第2254回 ワールドカップを目指し、発進(8) 1年ぶりの代表招集となったアントニー・マルシャル

 6年前の東日本大震災、昨年の平成28年熊本地震などで被災された皆様に心からお見舞い申し上げます。また、復興活動に従事されている皆様に敬意を表し、被災地域だけではなくすべての日本の皆様に激励の意を表します。

■たびたび戦禍に見舞われたケルン、1974年のワールドカップは開催せず

 ドイツとの親善試合が行われるケルンは大聖堂で知られるドイツ第4の都市である。この都市の歴史を語るに当たって戦争の歴史は避けて通れない。ケルンはたびたび戦火に巻き込まれてきた。地理的にはドイツの西部に位置しフランスに占領された歴史もあるが、20世紀には第一次と第二次の二度にわたる世界大戦で大きな被害を受けた。第一次世界大戦後の都市の復興計画の中で完成したのが今回の試合が行われるラインエネルギー競技場である。第二次世界大戦でケルンの町は空襲を受け、壊滅状態になったが、郊外にあったこの競技場は戦火を免れ、1948年からは1FCケルンが使用し始める。1974年に開催されたワールドカップでは開催に立候補し、開催地として受け入れられながらも、競技場の改装が財政的な問題により、開催に間に合わず、ワールドカップ開催は実現しなかった。ケルンが初めて国際大会の開催地となったのは1988年の欧州選手権である。

■2006年ワールドカップでトーゴに勝利、ドイツとはケルンで初対戦

 しかし、この1988年大会にはフランスは出場せず、フランスがこのケルンの地で初めての試合を行ったのが、2006年ワールドカップのグループリーグのトーゴ戦である。フランスはグループリーグの最初の2試合をスイス、韓国と引き分け、3位で最終戦を迎える。前半は無得点であったが後半にパトリック・ビエイラとティエリー・アンリがゴールを決めて、2位に入ったフランスはその後決勝まで進むこととなる。しかし、フランスがドイツとケルンで対戦するのはこれが最初である。

■ドイツ戦に臨む先発メンバー、主将はラファエル・バラン

 その初めてのケルンでのドイツ戦に臨むフランスの先発メンバーであるが、GKはスティーブ・マンダンダ、DFは右からクリストフ・ジャレ、ラファエル・バラン、サミュエル・ウムティティ、ルカ・ディーニュ、MFは中盤の底にアドリアン・ラビオ、高い位置の右にはコランタン・トリッソ、左にブレーズ・マツイディ、FWは右にキリアン・ムバッペ、左にアントニー・マルシャル、中央にアレクサンドル・ラカゼットという布陣となる。
 4日前のウェールズ戦の先発メンバーではなかったのは、バラン、ディーニュ、ラビオ、ラカゼット、マルシャルの6人である。この中で注目は主将に任命されたバラン、そして今回の連戦が久しぶりの代表戦となったマルシャルである。24歳の若手選手というイメージのあるバランであるが、これまでに代表では39試合に出場しており、今回の先発メンバーの中ではウェールズ戦で主将を務めた30歳で61試合に出場したマツイディに次ぐ代表出場数を誇る。

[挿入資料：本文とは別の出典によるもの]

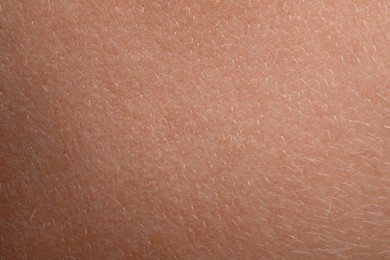 Photo of Closeup view of human skin as background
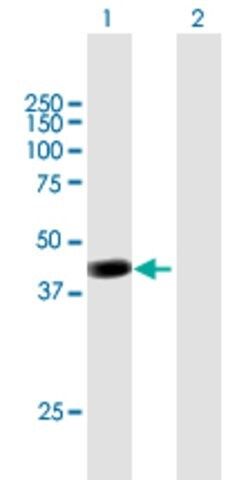 Anti-PCMTD2 antibody produced in mouse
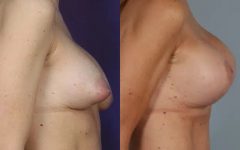 before and after breast revision female patient right side view case 3422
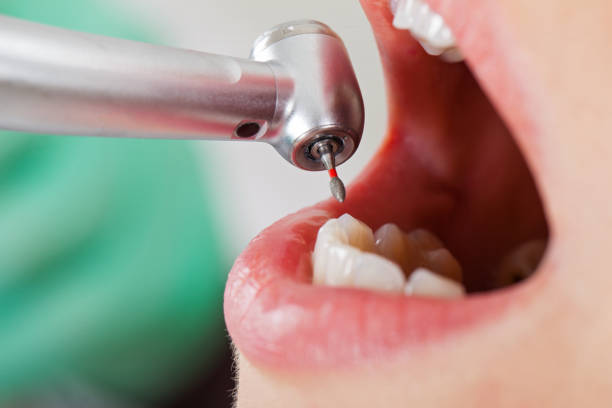 Best Tooth Infection Emergency Dentist  in Green Tree, PA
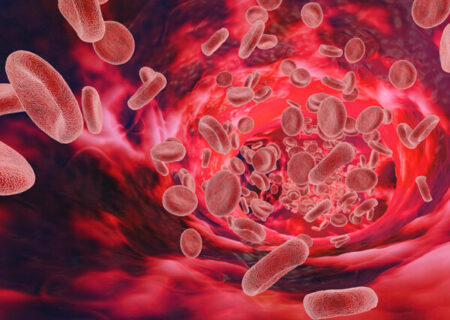 آیا بیماری هموفیلی قابل درمان است؟ 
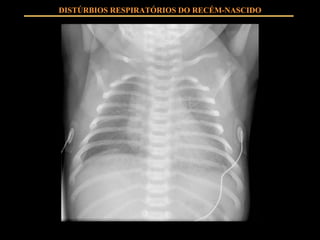 DISTÚRBIOS RESPIRATÓRIOS DO RECÉM-NASCIDO 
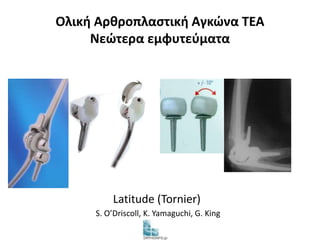 Ολική Αρθροπλαστική Αγκώνα TEA 
Νεώτερα εμφυτεύματα 
Latitude (Tornier) 
S. O’Driscoll, K. Yamaguchi, G. King 
 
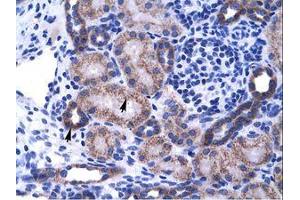 Image no. 1 for anti-Zinc Finger Protein 84 (ZNF84) (C-Term) antibody (ABIN202890) (ZNF84 anticorps  (C-Term))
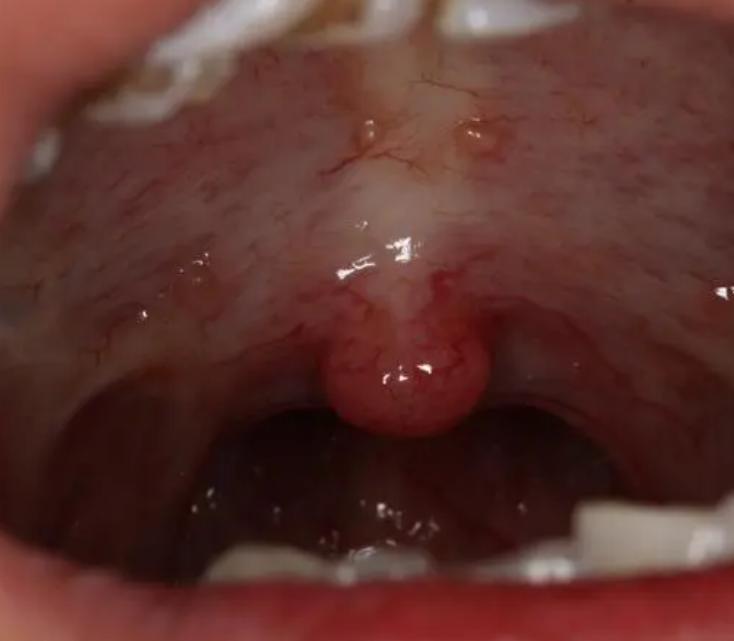 怎么快速缓解口腔溃疡的痛苦,嘴里长口腔溃疡怎么治好得快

■同時多発テロの起こったドイツ戦でアシストを記録したアントニー・マルシャル

 マルシャルはウェールズ戦では終盤に交代出場し、昨年10月のオランダ戦以来、1年1か月ぶりに代表の試合に出場した。先発となるとその前月の昨年9月のベラルーシ戦以来14か月ぶりのこととなる。
 そしてこの11月のドイツ戦と言えば2年前の2015年11月13日の試合を忘れてはならない。パリ同時多発テロの標的となった悲劇は永遠にフランスいや世界のサッカーファンの心に深い傷跡として残っている。しかし、試合そのものは関係者の努力により無事に行われた。この試合にマルシャルは先発出場し、前半のアディショナルタイムの47分にオリビエ・ジルーの先制点をアシストしている。この活躍がその後のマルシャルを代表に定着させることとなったが、昨年の10月以来は外れてしまっている。しかし、今季、所属するイングランドのマンチェスター・ユナイテッドでは好調であり、6得点6アシストを記録している。マルシャルを入れた代わりにメンバーから外れたのがアントワン・グリエズマンである。8月以降のすべての試合で先発メンバーであったグリエズマンの代わりにマルシャルがどれだけ活躍できるかが1つのカギとなる。